Page 114 of The CEO I Hate
Plop.Plop.Plop.
She laughed, sitting up fully, gloriously naked as she stared at me, bemused. I just continued leaving my little trail all the way to the ensuite bathroom. “Seriously,” she said. “What are you doing?”
“Leaving you breadcrumbs,” I said, waving a sock enticingly before dropping it on the floor. I waggled my eyebrows at her, then turned to start the water in the shower. Once it was going, I leaned against the doorframe, taking her in. “I know your sense of direction isn’t the best, but all you have to do is follow the trail, Gretel.”
Her lips twisted. She stood, crossing the room in a heartbeat, and threw herself into my arms. “My sense of direction was good enough to find my way back to you,” she said.
“That’s true,” I agreed as the bathroom steamed up. “But I’m not ever gonna let you lose your way again, because you’re mine, Mia.” I cradled her face in my hands. “And I’m going to spend the rest of my life making sure you know exactly where you belong.”
After we’d gotten cleaned up, which took longer than I’d anticipated with both of us soaping each other up, we got dressed, and I’d texted Jake to let him know that my plan had worked. Mia and I were officially back together, and we were currently down the hall if he wanted to swing by to give me the shovel speech.

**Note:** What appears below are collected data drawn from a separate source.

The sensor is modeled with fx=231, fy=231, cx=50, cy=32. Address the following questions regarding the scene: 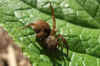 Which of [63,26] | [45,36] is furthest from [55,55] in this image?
[63,26]

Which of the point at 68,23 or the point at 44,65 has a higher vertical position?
the point at 68,23

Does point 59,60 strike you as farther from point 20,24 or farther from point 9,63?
point 9,63

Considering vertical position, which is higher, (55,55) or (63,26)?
(63,26)

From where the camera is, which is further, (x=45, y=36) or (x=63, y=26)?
(x=63, y=26)

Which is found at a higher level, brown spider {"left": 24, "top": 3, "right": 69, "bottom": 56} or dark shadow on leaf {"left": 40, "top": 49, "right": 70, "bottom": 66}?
brown spider {"left": 24, "top": 3, "right": 69, "bottom": 56}

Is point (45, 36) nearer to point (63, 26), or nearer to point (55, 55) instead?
point (55, 55)

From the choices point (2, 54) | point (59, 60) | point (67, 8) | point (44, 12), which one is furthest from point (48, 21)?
point (2, 54)

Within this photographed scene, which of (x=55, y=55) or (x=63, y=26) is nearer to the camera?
(x=55, y=55)

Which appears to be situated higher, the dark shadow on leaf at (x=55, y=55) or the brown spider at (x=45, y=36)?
the brown spider at (x=45, y=36) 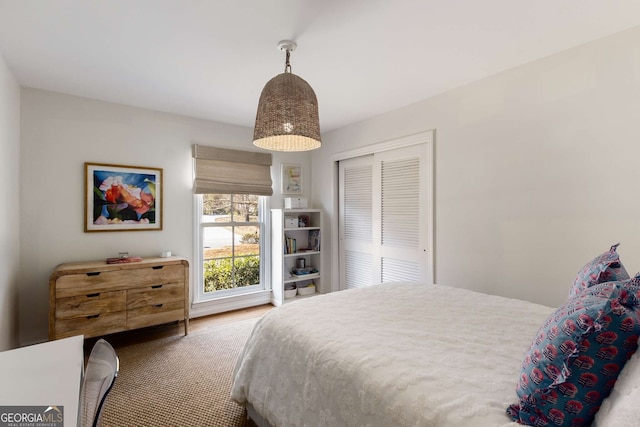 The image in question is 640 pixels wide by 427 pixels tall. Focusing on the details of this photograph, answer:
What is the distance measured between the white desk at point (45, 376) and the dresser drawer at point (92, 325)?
5.35ft

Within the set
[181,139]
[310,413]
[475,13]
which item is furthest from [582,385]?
[181,139]

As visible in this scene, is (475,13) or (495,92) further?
(495,92)

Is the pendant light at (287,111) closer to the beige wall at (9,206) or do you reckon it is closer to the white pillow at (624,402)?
the white pillow at (624,402)

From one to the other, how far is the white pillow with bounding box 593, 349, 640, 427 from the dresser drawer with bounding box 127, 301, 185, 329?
124 inches

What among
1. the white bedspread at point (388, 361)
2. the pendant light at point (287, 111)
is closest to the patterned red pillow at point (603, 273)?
the white bedspread at point (388, 361)

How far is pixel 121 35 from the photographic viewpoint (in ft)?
6.25

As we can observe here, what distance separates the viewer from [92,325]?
2.62 meters

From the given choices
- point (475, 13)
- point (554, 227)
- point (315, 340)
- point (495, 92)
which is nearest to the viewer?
point (315, 340)

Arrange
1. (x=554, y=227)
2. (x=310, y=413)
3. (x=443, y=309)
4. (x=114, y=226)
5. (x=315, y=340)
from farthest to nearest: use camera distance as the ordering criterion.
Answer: (x=114, y=226) → (x=554, y=227) → (x=443, y=309) → (x=315, y=340) → (x=310, y=413)

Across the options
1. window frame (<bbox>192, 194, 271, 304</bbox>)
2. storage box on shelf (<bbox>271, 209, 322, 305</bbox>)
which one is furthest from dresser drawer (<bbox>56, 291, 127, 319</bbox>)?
storage box on shelf (<bbox>271, 209, 322, 305</bbox>)

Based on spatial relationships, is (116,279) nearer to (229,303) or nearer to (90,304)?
(90,304)

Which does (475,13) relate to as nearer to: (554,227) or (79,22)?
(554,227)

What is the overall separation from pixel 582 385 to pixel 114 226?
3.67 metres

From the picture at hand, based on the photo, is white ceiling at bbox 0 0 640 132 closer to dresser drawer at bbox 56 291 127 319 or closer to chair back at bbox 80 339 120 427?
chair back at bbox 80 339 120 427
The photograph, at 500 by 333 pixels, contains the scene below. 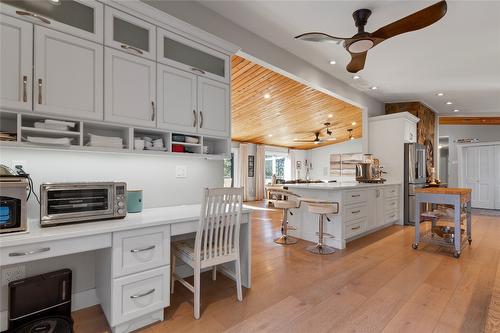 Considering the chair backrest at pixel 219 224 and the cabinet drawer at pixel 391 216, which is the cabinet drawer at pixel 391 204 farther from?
the chair backrest at pixel 219 224

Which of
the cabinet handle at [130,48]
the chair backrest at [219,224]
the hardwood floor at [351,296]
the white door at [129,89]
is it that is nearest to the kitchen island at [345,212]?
the hardwood floor at [351,296]

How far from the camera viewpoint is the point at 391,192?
5.17 meters

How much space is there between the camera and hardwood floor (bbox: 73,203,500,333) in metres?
1.91

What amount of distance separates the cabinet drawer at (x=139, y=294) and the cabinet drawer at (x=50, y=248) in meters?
0.31

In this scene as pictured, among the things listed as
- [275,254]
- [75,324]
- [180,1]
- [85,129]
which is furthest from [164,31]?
[275,254]

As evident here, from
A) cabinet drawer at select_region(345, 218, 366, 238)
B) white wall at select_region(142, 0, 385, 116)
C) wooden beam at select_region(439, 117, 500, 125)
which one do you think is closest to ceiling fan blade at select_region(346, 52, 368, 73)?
white wall at select_region(142, 0, 385, 116)

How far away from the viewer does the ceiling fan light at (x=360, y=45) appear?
262 cm

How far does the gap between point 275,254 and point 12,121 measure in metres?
3.07

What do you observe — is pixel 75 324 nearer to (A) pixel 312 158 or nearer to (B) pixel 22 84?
(B) pixel 22 84

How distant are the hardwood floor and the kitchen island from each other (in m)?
0.34

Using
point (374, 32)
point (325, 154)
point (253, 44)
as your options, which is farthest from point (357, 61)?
point (325, 154)

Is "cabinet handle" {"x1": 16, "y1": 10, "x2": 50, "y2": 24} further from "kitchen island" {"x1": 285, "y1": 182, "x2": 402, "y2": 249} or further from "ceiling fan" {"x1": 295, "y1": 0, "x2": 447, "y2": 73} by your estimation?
"kitchen island" {"x1": 285, "y1": 182, "x2": 402, "y2": 249}

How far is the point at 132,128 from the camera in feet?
6.79

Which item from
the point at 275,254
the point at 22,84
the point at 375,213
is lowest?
the point at 275,254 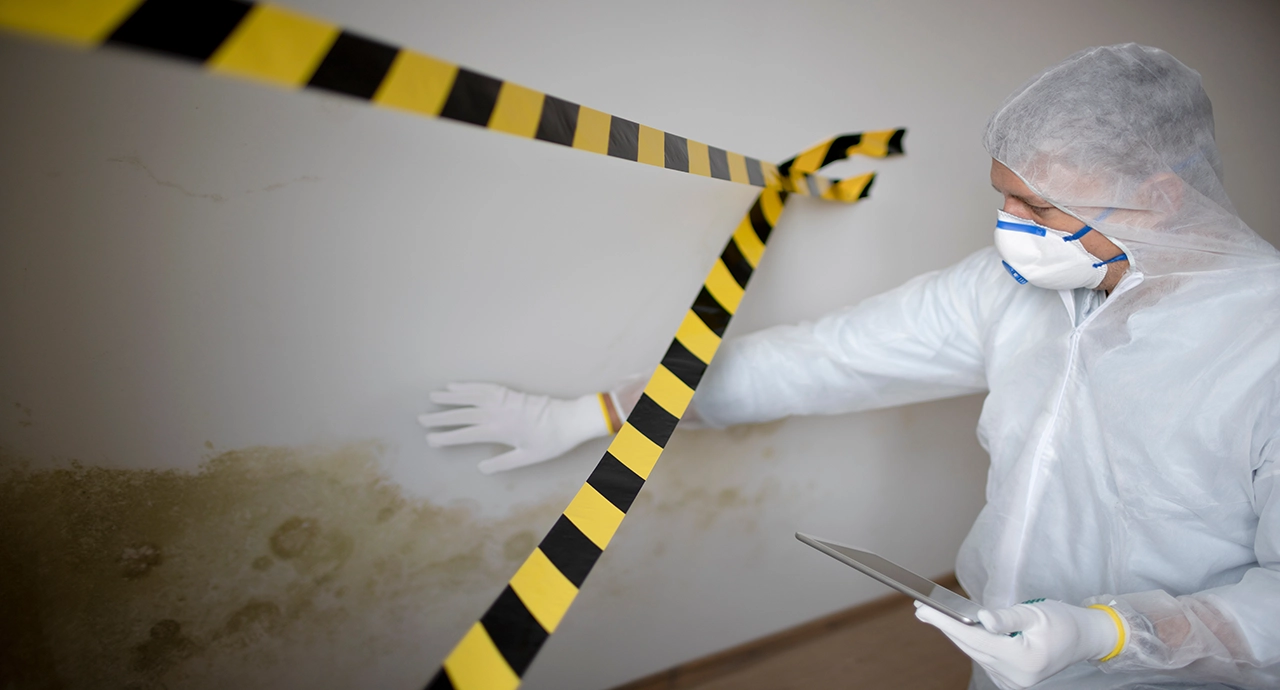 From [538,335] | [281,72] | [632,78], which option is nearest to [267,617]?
[538,335]

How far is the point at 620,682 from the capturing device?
5.32 ft

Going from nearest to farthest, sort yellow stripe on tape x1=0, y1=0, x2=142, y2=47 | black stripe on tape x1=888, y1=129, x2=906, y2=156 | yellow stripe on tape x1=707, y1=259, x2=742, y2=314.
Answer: yellow stripe on tape x1=0, y1=0, x2=142, y2=47
yellow stripe on tape x1=707, y1=259, x2=742, y2=314
black stripe on tape x1=888, y1=129, x2=906, y2=156

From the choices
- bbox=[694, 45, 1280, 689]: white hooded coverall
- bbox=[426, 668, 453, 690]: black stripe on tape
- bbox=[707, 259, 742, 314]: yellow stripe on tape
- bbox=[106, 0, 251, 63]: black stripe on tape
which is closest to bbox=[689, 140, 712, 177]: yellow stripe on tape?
bbox=[707, 259, 742, 314]: yellow stripe on tape

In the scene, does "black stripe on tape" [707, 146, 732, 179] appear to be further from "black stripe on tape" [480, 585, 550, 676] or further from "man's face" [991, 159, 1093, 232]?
"black stripe on tape" [480, 585, 550, 676]

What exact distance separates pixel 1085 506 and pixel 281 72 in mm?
1270

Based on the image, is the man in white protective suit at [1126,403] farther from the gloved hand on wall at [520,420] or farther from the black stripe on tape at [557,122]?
the black stripe on tape at [557,122]

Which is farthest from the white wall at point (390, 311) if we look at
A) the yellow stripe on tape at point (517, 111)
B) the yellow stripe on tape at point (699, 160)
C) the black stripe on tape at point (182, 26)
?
the black stripe on tape at point (182, 26)

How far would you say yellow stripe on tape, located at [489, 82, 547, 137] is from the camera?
2.35 feet

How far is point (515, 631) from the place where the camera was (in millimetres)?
880

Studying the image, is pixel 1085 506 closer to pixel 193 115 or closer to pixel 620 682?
pixel 620 682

I’d mostly been joking about the speech, but if he wanted to deliver it, I was more than ready to hear it. I was determined to start this second chance on the right foot by being honest with Jake.
When Jake knocked on the door fifteen minutes later, with Gabrielle in tow, Mia answered, smiling.
“Hey!” she said.
“Heard you took him back,” Jake snarked with a grin.

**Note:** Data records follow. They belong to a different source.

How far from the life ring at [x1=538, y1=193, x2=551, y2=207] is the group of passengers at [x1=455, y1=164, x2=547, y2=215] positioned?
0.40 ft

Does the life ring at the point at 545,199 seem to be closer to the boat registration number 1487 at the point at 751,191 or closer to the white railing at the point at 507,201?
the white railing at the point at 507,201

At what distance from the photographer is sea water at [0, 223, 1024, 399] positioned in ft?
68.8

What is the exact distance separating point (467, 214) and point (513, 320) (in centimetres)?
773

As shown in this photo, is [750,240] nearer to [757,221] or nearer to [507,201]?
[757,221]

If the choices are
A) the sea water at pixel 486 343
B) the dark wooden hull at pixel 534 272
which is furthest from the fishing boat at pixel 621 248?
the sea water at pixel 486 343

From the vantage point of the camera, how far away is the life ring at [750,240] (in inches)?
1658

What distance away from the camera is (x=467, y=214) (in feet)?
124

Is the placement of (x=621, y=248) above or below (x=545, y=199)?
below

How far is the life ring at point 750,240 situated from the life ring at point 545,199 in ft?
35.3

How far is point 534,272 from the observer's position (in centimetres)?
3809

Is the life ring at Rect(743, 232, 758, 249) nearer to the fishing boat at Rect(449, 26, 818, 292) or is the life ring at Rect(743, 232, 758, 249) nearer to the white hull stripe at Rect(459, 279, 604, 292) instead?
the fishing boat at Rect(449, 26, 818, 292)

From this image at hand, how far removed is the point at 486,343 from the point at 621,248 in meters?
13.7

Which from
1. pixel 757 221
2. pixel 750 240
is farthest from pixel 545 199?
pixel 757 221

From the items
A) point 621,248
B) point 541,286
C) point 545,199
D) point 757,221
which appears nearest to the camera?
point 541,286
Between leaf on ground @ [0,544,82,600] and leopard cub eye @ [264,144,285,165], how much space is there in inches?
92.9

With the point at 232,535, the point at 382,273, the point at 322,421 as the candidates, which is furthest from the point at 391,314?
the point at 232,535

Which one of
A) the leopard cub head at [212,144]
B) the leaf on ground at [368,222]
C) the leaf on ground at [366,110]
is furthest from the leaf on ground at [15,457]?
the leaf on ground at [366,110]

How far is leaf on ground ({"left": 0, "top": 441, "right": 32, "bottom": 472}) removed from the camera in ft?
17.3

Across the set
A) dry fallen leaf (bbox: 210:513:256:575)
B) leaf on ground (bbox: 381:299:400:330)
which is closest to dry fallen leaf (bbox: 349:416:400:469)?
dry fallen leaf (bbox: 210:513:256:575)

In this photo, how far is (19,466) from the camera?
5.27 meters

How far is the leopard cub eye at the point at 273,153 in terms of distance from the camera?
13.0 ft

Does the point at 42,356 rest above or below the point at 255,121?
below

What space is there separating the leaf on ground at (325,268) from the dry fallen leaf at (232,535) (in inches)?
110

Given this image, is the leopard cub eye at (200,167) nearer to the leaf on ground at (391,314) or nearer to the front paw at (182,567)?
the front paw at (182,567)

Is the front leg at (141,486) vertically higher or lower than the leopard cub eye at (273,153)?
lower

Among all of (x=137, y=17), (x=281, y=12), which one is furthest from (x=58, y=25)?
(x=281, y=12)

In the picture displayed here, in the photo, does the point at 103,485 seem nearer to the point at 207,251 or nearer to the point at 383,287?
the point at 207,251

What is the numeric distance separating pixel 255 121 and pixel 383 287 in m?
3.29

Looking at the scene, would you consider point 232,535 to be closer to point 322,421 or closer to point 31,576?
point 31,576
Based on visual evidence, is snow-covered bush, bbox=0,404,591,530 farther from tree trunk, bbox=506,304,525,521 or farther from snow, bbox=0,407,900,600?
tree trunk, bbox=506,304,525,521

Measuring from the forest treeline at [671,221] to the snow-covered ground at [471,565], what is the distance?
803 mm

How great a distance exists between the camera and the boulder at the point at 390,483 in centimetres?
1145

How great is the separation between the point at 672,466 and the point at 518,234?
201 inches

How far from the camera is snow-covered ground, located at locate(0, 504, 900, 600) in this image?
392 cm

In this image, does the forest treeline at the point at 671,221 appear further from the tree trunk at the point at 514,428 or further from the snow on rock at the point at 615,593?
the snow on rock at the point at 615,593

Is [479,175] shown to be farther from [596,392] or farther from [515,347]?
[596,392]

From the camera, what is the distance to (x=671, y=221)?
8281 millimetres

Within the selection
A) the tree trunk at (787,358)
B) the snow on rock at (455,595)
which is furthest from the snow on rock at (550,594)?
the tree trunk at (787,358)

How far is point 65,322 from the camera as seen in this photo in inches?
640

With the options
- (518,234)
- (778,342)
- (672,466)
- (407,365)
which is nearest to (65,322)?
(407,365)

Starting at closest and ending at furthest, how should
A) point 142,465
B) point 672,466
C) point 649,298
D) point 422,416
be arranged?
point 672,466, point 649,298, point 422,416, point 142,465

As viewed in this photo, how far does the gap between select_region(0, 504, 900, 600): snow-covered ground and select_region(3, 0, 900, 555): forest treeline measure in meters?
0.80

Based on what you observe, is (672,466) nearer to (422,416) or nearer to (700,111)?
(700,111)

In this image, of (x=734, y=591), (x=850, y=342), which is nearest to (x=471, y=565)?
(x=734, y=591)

Mia lifted her shoulder. “He’s kinda cute. I think I’ll keep him.”
“Kinda?” I protested from across the living room.
Mia winked at me as I parked it on the couch.

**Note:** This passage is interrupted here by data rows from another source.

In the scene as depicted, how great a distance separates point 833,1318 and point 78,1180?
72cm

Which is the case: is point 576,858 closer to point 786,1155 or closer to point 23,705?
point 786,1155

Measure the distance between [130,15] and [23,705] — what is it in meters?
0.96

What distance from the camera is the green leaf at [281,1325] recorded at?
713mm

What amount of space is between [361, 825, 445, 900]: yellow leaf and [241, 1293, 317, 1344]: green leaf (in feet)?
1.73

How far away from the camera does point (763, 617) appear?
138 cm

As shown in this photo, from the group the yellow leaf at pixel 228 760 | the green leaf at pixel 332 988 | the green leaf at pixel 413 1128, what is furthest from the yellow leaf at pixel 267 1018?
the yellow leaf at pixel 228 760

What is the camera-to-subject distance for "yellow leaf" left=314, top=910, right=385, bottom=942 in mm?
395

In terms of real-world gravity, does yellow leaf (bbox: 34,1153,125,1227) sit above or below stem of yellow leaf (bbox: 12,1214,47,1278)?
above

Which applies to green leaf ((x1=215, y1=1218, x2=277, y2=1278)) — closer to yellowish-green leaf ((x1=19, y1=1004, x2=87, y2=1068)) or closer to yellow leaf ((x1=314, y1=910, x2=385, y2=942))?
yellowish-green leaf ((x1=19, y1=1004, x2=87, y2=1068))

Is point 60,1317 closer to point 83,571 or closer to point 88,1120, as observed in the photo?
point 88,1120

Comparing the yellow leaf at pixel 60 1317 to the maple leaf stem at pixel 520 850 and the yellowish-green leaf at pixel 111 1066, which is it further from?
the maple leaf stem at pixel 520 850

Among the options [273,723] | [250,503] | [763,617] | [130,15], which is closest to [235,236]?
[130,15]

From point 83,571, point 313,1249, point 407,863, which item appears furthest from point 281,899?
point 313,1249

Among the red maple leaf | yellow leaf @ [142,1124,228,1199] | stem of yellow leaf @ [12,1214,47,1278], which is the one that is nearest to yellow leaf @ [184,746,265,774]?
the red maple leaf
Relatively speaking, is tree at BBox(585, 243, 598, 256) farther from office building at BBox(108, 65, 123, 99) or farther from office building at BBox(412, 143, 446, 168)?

“You guys want to do dinner?” Gabrielle asked. “We could order Chinese?”
“Yes!” Mia said at once. After all our extracurricular activities, she was probably starving. She and Gabrielle pored over an online menu. “Definitely shrimp fried rice. And hot and sour soup.”
“Honey garlic spareribs or no dice,” Jake told them as he rolled his way over to me. He got close enough to knock me in the shoulder. It wasn’t very hard, but his stare was.
“I know, I know,” I said. “If I ever hurt her again?—”
“No shovel speech, man. Just…” He sighed, the corner of his mouth curling a bit. “Do better this time, okay? ’Cause I don’t want to have to choose between my sister and my best friend.”
“Not that it would be much of a choice,” I said. We’d both always choose Mia.
“Just love her, okay?” Jake said. “More than anything.”
“I will,” I promised. For the rest of my life.
39
MIA
“You look beautiful,” Liam said. “Have I told you that yet?”
“Only a couple dozen times,” I replied, smiling softly as I turned away from the limo’s window which offered a view of the red carpet where camera lights flashed and security directed the best-dressed for photo ops. We were currently in the drop-off line, and nerves had started to rattle around my gut. What the hell wasIdoing at the Emmys? I couldn’t believe it.
I distracted myself by drinking in every sexy inch of Liam—and God, what a distraction he was clad in a fitted dark burgundy Dior tux, his hair swept back, his brown eyes darker than ever. My stomach flipped pleasantly. “You don’t look half bad yourself.”
He winked at me. “Part of me would really like to take that dress off you here and now.”
“That’s a dangerous game,” I said as the limo pulled forward. “I am pinned into this thing so perfectly I don’t think we’d ever get it back on again.”
He huffed a laugh. “Well there’s a best-dressed idea.”
I ran my hand down the bodice of the dress. I’d gone with classic black, though the sheer cutouts in the corset made it a little fun, a little daring, and I’d caught Liam admiring my cleavage more than once. “As amazing as limo sex would be,” I said, “you’d definitely end up missing the show.”